Bible

 

Exodus 23

Studie

   

1 Gij zult geen vals gerucht opnemen; en stelt uw hand niet bij den goddeloze, om een getuige tot geweld te zijn.

2 Gij zult de menigte tot boze zaken niet volgen; en gij zult niet spreken in een twistige zaak, dat gij u neigt naar de menigte, om het recht te buigen.

3 Ook zult gij den geringe niet voortrekken en zijn twistige zaak.

4 Wanneer gij uw vijands os, of zijn dwalenden ezel, ontmoet, gij zult hem denzelven ganselijk wederbrengen.

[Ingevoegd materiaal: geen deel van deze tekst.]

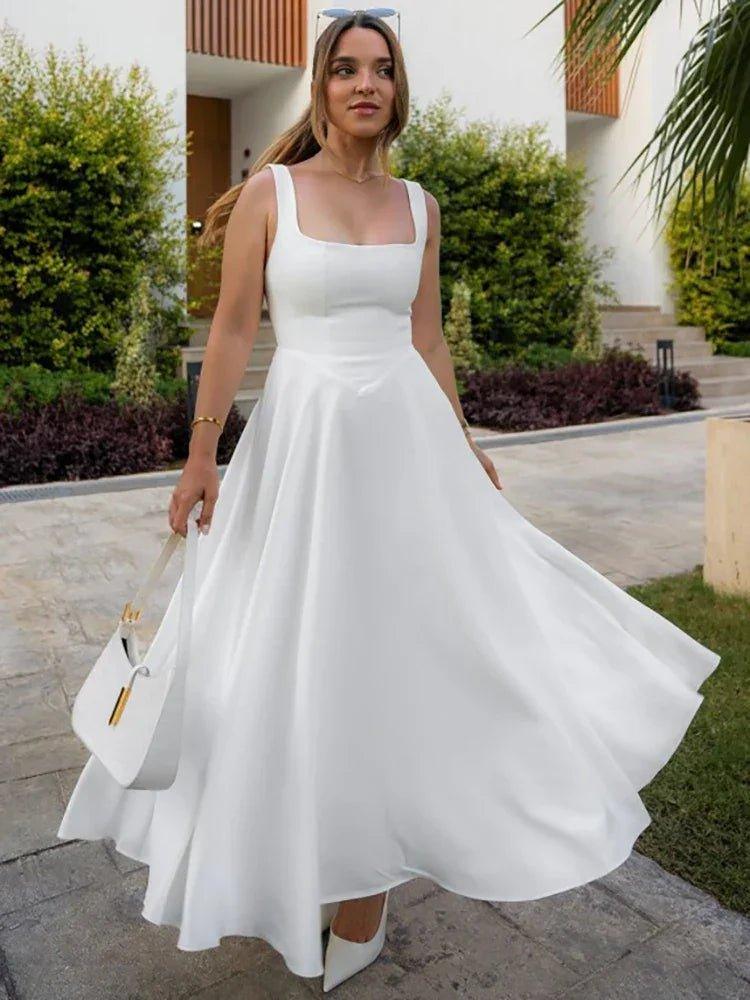 Woman in elegant white midi dress with square neckline, twirling outdoors with white handbag and heels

5 Wanneer gij uws haters ezel onder zijn last ziet liggen, zult gij dan nalatig zijn, om het uwe te verlaten voor hem? Gij zult het in alle manier met hem verlaten.

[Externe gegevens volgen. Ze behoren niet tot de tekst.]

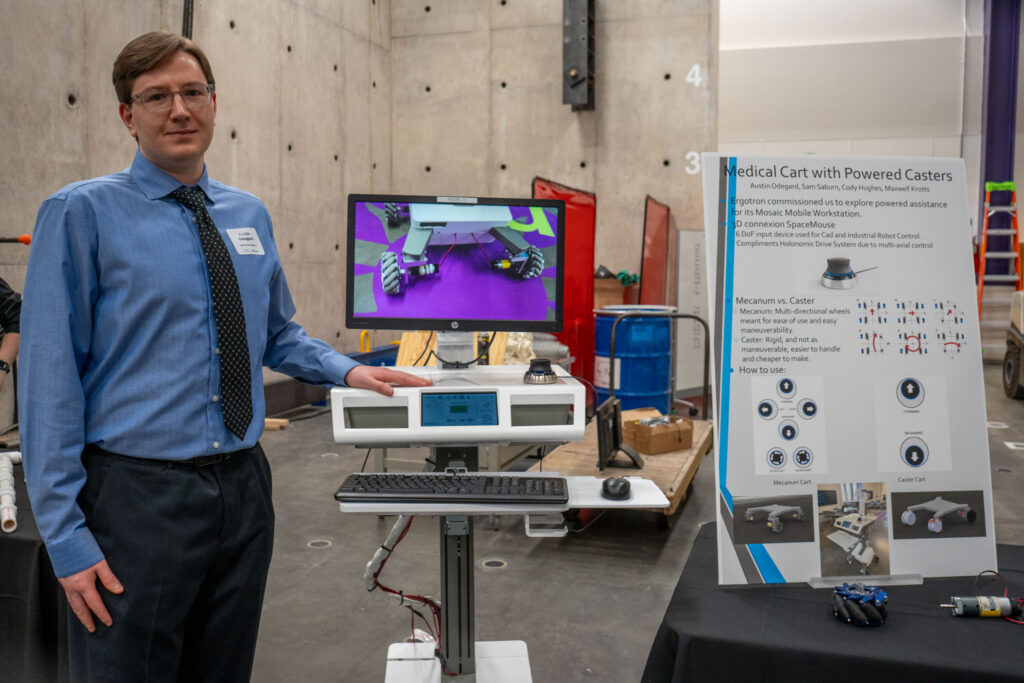 Austin Odegard '25 stands near his team's project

6 Gij zult het recht uws armen niet buigen in zijn twistige zaak.

7 Zijt verre van valse zaken; en den onschuldige en gerechtige zult gij niet doden; want Ik zal de goddeloze niet rechtvaardigen.

8 Ook zult gij geen geschenk nemen; want het geschenk verblindt de zienden, en het verkeert de zaak der rechtvaardigen.

9 Gij zult ook den vreemdeling niet onderdrukken; want gij kent het gemoed des vreemdelings, dewijl gij vreemdelingen geweest zijt in Egypteland.

10 Gij zult ook zes jaar uw land bezaaien, en deszelfs inkomst verzamelen;

11 Maar in het zevende zult gij het rusten en stil liggen laten, dat de armen uws volks mogen eten, en het overige daarvan de beesten des velds eten mogen; alzo zult gij ook doen met uw wijngaard, en met uw olijfbomen.

12 Zes dagen zult gij uw werken doen; maar op den zevenden dag zult gij rusten; opdat uw os en uw ezel ruste, en dat de zoon uwer dienstmaagd en de vreemdeling adem scheppe.

13 In alles, wat Ik tot ulieden gezegd heb, zult gij op uw hoede zijn; en den naam van andere goden zult gij niet gedenken; uit uw mond zal hij niet gehoord worden!

14 Drie reizen in het jaar zult gij Mij feest houden.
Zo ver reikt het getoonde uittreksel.